Choose one single simple index (index on one attribute) that is most likely to speed up all three queries. Write down the CREATE INDEX statement and explain why you chose that index below.

  • What is the CREATE INDEX statement (1 point)?
    • REPLACE WITH YOUR ANSWER
  • Why did you choose the index (1 point)?
    • REPLACE WITH YOUR ANSWER

Open a command line shell and start the sqlite program. Connect to the provided flights.db, and check whether the FLIGHTS table has the index that you indicate above. If not, add this index to the FLIGHTS table.

  • Does the FLIGHTS table has the index that you indicate above (0.5 points)?
    • REPLACE WITH YOUR ANSWER

Please check whether each query used the index or not. Hint: you can use EXPLAIN QUERY PLAN ... to see the query plan of each query.

  • Did Query (a) use the index? (0.5 point)?
    • REPLACE WITH YOUR ANSWER
  • Did Query (b) use the index? (0.5 point)?
    • REPLACE WITH YOUR ANSWER
  • Did Query (c) use the index? (0.5 point)?
    • REPLACE WITH YOUR ANSWER

2. Consider this query:

sqlite
(d): SELECT DISTINCT F2.origin_city
     FROM Flights F1, Flights F2
     WHERE F1.dest_city = F2.dest_city
         AND F1.origin_city='Gunnison CO'
         AND F1.actual_time <= 30;

Choose one simple index (index on one attribute), different from the index for the question above, that is likely to speed up this query. Write down the CREATE INDEX statement and explain why you chose that index as a SQL comment.

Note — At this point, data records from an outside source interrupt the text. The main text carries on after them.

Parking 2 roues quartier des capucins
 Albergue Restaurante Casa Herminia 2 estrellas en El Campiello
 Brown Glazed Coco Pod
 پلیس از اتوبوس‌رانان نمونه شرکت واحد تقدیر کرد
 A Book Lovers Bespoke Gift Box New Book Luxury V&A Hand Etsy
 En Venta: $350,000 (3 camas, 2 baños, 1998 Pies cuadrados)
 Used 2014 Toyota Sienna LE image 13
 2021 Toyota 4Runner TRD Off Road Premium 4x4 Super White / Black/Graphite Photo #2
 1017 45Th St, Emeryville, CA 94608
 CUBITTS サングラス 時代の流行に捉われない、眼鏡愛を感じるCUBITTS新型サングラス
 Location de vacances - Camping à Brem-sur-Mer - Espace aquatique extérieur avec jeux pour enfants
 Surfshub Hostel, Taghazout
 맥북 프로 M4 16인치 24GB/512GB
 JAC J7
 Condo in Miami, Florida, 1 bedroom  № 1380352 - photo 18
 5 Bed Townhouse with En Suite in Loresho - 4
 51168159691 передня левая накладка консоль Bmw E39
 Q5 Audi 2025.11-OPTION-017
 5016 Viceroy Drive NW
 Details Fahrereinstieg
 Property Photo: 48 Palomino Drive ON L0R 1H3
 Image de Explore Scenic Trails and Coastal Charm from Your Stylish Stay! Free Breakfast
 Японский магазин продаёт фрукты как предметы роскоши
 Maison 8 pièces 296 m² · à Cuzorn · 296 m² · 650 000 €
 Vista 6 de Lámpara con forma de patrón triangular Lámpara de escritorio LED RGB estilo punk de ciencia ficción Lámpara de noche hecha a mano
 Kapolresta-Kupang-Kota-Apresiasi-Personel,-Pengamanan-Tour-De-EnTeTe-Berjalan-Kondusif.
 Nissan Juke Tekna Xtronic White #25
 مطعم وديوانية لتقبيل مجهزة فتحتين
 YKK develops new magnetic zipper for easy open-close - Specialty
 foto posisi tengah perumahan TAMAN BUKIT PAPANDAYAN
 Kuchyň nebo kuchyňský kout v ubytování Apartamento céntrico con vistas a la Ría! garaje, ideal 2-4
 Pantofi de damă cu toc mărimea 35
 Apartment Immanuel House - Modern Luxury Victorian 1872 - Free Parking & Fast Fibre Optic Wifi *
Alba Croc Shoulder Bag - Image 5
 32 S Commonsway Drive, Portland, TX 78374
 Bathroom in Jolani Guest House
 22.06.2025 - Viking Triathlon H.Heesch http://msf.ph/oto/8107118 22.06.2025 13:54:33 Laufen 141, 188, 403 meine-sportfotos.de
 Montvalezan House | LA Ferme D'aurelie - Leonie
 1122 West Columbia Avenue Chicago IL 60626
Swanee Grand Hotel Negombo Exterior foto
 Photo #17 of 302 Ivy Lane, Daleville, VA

  • What is the CREATE INDEX statement (1 point)?
    • REPLACE WITH YOUR ANSWER
  • Why did you choose the index (1 point)?
    • REPLACE WITH YOUR ANSWER

Connect to the provided flights.db, and check whether the FLIGHTS table has this second index that you indicate above. If not, add this index to the FLIGHTS table.

  • Does the FLIGHTS table has the index that you indicate above (0.5 points)?
    • REPLACE WITH YOUR ANSWER

Please check whether the query used this second index or not.

  • Did Query (d) use this second index? (0.5 point)?
    • REPLACE WITH YOUR ANSWER

3. Now we want to know how effective the two indexes are. We compare the runtimes of the queries with and without indexes. Hint: use timer on to turn SQL timer on.

Execute queries (a) - (b) on the FLIGHTS table that do not have the two indexes. Please create a screenshot for the runtime of each query. I've put my screenshots below. You can find them in the runtime folder in the A3.zip. Please replace them with yours. (1.5 points)

Drawing Drawing Drawing Drawing

Execute queries (a) - (b) on the FLIGHTS table that has the two indexes. Please create a screenshot for the runtime of each query. I've put my screenshots below. Please replace them with yours. (1.5 points)

Drawing Drawing Drawing Drawing

Submission

Download A3.zip. Answer the questions in A3.ipynb. Put A3.ipynb and the runtime folder into A3-submission.zip. Please note that i) you need to update the runtime folder with your screenshots of the query runtimes; ii) you do not need to put the flights.db into A3-submission.zip.

Submit A3-submission.zip to the CourSys activity Assignment 3.